Durability and microstructural properties of lightweight concrete manufactured with fly ash cenosphere and sintered fly ash aggregate: Fid-Bau Portal

Durability and microstructural properties of lightweight concrete manufactured with fly ash cenosphere and sintered fly ash aggregate

Patel, S.K. / Majhi, R.K. / Satpathy, H.P. / Nayak, A.N.

Abstract

Highlights • The concrete mix containing 50% FAC with 75% SFA achieves the required target strength. • Strength loss caused by sulphate attack is less pronounced than that of acid attack in the concrete using FAC and SFA. • Chloride resistance increases with increase in FAC or SFA or both FAC & SFA in the concrete. • LWC using FAC and SFA can be suitably used in the structures exposed to chloride and sulphate environment.

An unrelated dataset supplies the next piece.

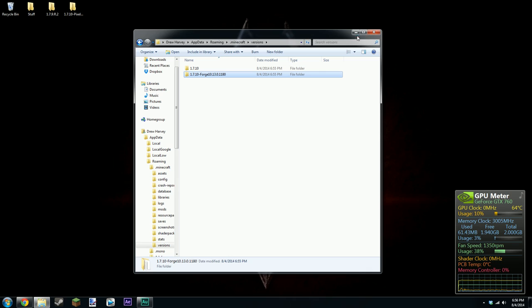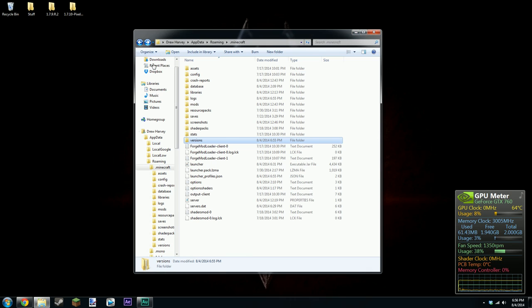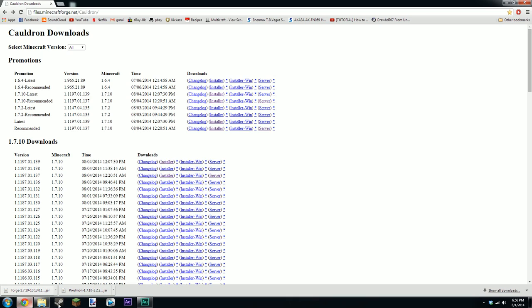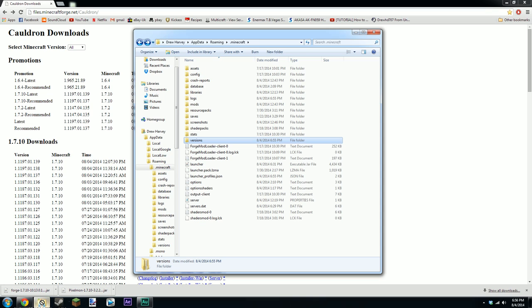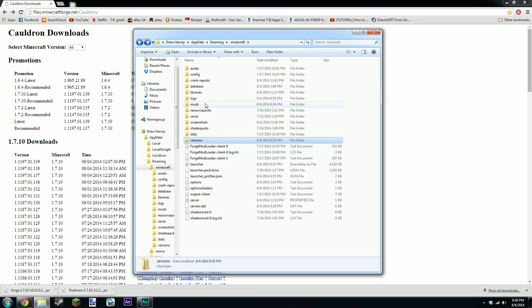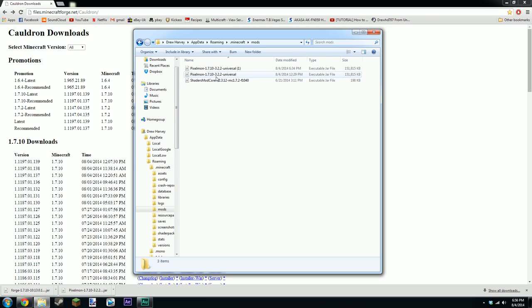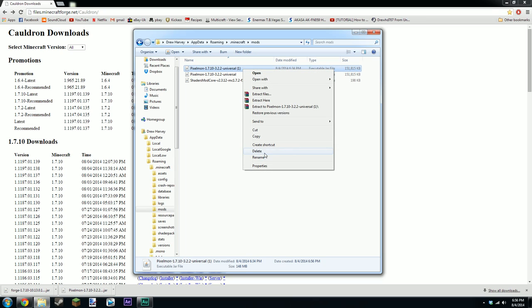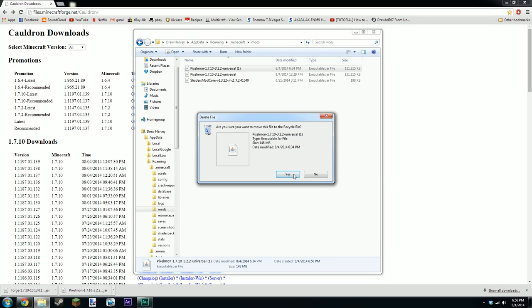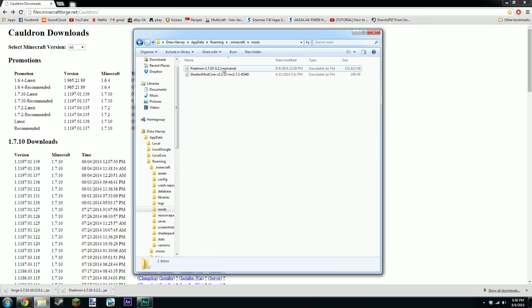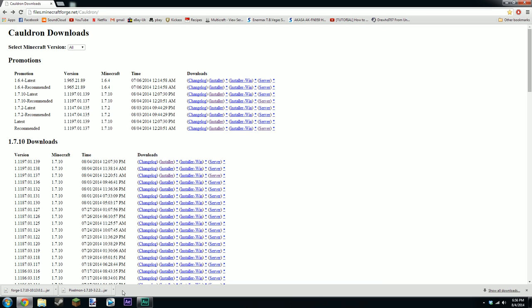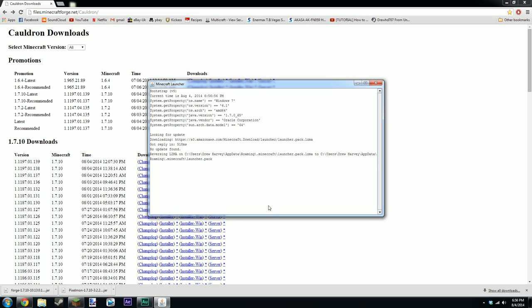Next thing you're going to want to do is install Pixelmon. Now that's very easy. So you've downloaded the Pixelmon and it's here and all you do is drag that file out into the mods folder. That's all you do with that and you just leave it there. That's Pixelmon installed.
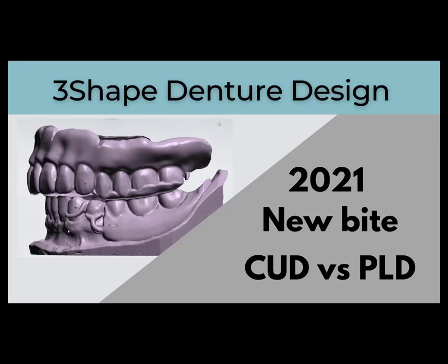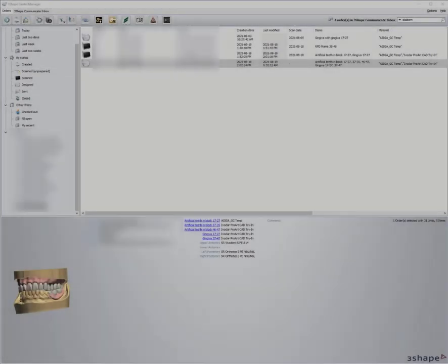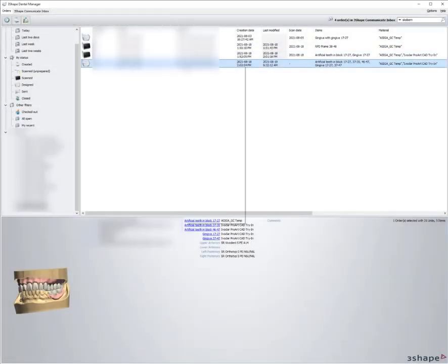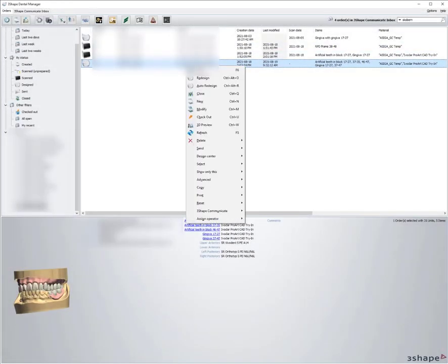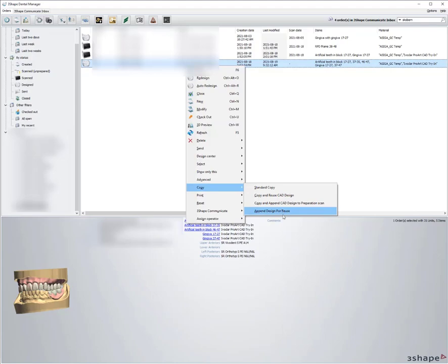Let's talk about scanning a new bite in the 2021 software. If we've designed a complete denture with a partial denture at the same time and we do a copy and reuse CAD.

Abstract This paper addresses the durability and microstructural characteristics of lightweight concrete prepared by using fly ash cenosphere (FAC) and sintered fly ash aggregate (SFA) as replacements of natural fine and coarse aggregate, respectively. To fulfil this objective, sixteen concrete mixes are produced by using FAC and SFA, in various combinations i.e. 0%, 50%, 75% and 100% for each. Properties of concrete, such as compressive strength, resistance to sulphate, acid and chloride attack of concrete are studied. Further, the scanning electron microscopy (SEM) and X-ray diffraction (XRD) analyses for these concrete mixes are performed in support of the above strength and durability behaviours. The results of the present study reveal that though the compressive strength decreases with incorporation of FAC/SFA/both of these, appreciable strength is achieved using high volume of FAC and SFA (50% FAC and 75% SFA), which is also comparable to the strength of concrete without FAC and SFA. Further, the above mix achieves the required target strength of M25 grade concrete for which design mix is made as per IS 10262 (2009). It is found from the durability results that on one hand, the strength loss in concrete caused by sulphate attack and acid attack increases with increase in percentages of individual and combined substitution of FAC and SFA and hence, the concrete comprising FAC and SFA is not suitable for the structures exposed to acidic environments. On the other hand, when FAC or SFA or both of these contents increases, the depth of chloride ingress decreases, exhibiting better performance in saline environments than the concrete mix without FAC and SFA. The XRD and SEM analyses confirm the strength and durability characteristics of these mixes.